When I recorded the invitation, there were still mornings of waking up to snow. Five weeks later, the garden is full of blossom. It’s here, that moment I had in mind, the moment when everything takes the gamble on life.
I’m looking through the names of those who are joining us in the two groups that have gathered around this invitation. There’s a scattering of old friends and people I’ve got to know through earlier series, others whose work I’ve crossed paths with in different contexts over the past year or two, and many whose names are new to me.
In a conversation about improvisation, the musician Steve Lawson once told me: it’s good to leave a gap in your work, because otherwise, where’s the room for the audience? I’ve carried that with me, an awareness that what you show up with is only ever part of the story, and if you try to bring something finished and polished and complete, that won’t make for a hospitable encounter.
My job is to show up with some stories, some threads with which we can begin to weave. I remember a conversation with Vanessa Andreotti, six years ago now, when we met at the Climate Existence conference in Sigtuna, and she spoke about “bricks” and “threads”: two sensibilities, two ways of inhabiting the world.
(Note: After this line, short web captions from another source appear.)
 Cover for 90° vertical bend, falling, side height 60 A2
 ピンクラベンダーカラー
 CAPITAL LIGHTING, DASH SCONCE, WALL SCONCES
It’s not that one is all bad and the other all good, she said, but the institutions of the dominant culture have been built out of bricks and can barely recognise other ways of being.
What is this school, I wonder sometimes? A kitchen table and a story told around it, the guests who come and stay for a while, the gatherings we put on now and then in the shoe shop, and these online series with a hundred faces Zooming in from around the world, meeting over a few weeks to share threads and stories. There are angles from which all this looks like nothing, people who squint at what we’re doing and can’t quite make it out, questions that are hard to answer in a way that will satisfy the questioner. And yet I see the way that threads are handed around, passed like a cat’s cradle, or woven into other creations. I hear rumours of other invitations, catch glimpses of undertakings that had their beginnings in conversations in these series, or that found new strength and different ways of seeing from what was shared here.
In a few minutes, I’ll shut down the computer and head out to the Red House, the hundred-year-old barn at the bottom of our garden, where we’re setting up the teaching space from which to host this series that starts tonight and tomorrow. There are chairs to move around, equipment to set up. And then some final notes to put together for the opening session.
If you’re already signed up to join us, then I look forward to spending time together over these coming weeks – and if you’re not, but there’s something here that calls to you, then there are still some places left. Here’s where you find out more.
And on the cusp of this series, I recorded a transatlantic conversation with my old friend Sara Jolena Wolcott, stitching together some thoughts about what kind of teaching and learning make sense in times like these.
A good conversation is a piece of improvisation: you hear words coming out of your mouth that you’ve never spoken before, stories take on a new shape in the moment of this encounter, together you catch sight of things that neither of you were expecting. That’s how it felt, talking with Sara last week, so I hope you’ll enjoy listening in.
DH
Just to say that I’m one of those people hugely inspired by your organic, humble and uniquely creative way of sharing some truly cutting edge thinking so freely and generously. And from my own experience of even tinier and invisible contexts for gathering around fires and kitchen tables, let’s never under-estimate the magical butterfly effect of seeds of ideas borne from those spaces. Thank you for the deep work you do, and long may it continue!
Three cheers for this forming cohort and your humble hand on the rudder, Dougald.